> Work to be completed: Nothing outside the lines below from the one containing "Visuale del Duomo" through the one containing "BMW X4 M40i" is to be printed; print those exactly, ends included, and drop the pictures.
------ Material provided ------
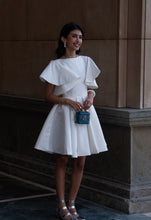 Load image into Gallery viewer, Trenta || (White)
------
------ Material provided ------
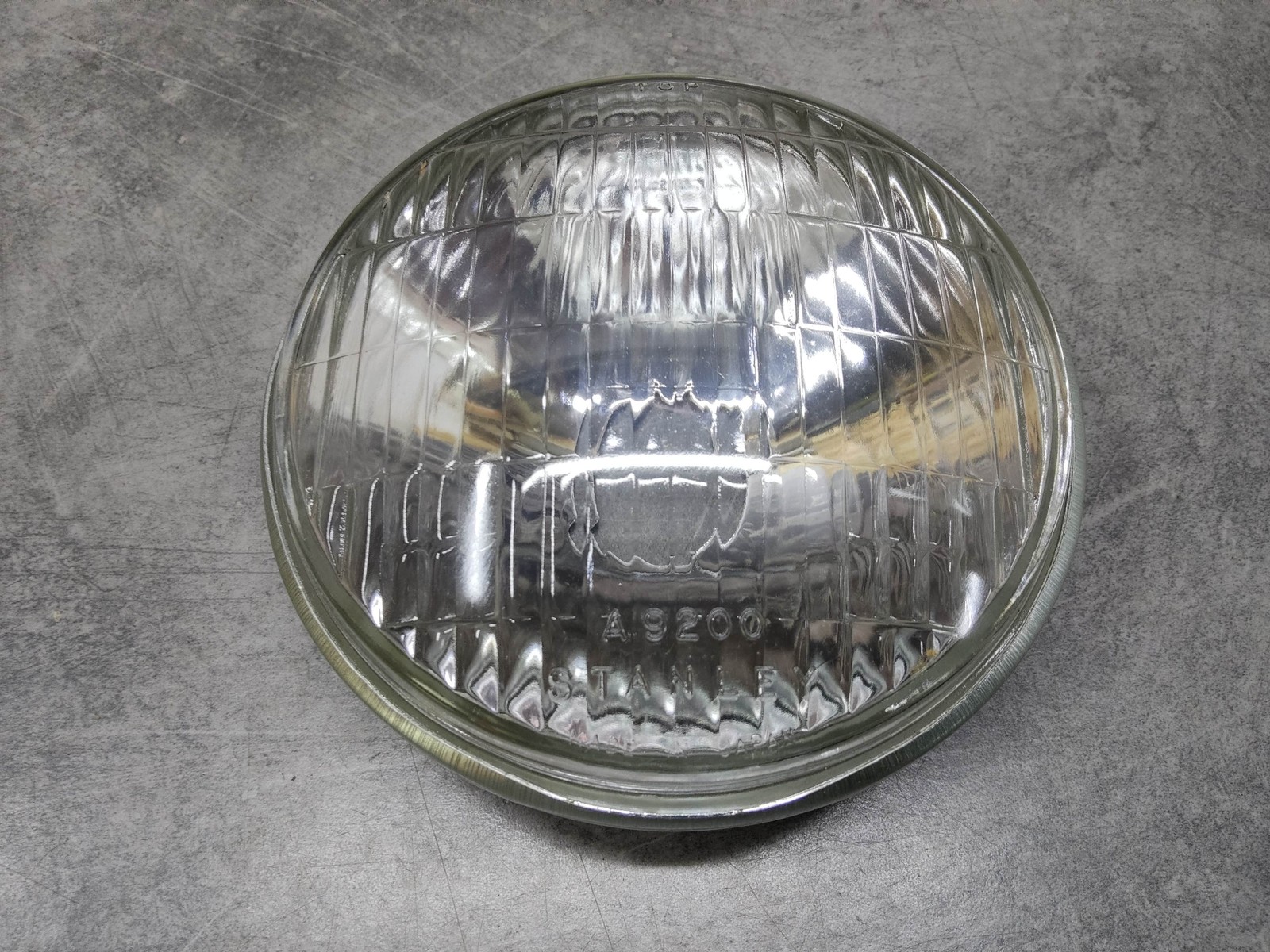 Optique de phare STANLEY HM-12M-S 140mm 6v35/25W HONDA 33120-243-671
------
------ Material provided ------
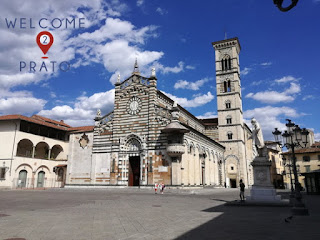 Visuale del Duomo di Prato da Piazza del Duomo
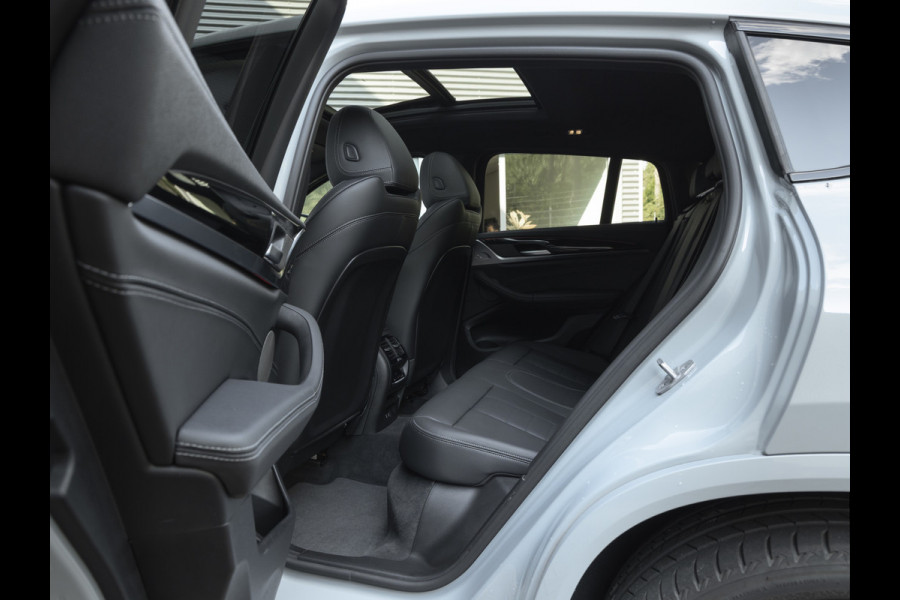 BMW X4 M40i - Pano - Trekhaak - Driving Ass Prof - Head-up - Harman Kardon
------
> Result of this task:
 Visuale del Duomo di Prato da Piazza del Duomo
 BMW X4 M40i - Pano - Trekhaak - Driving Ass Prof - Head-up - Harman Kardon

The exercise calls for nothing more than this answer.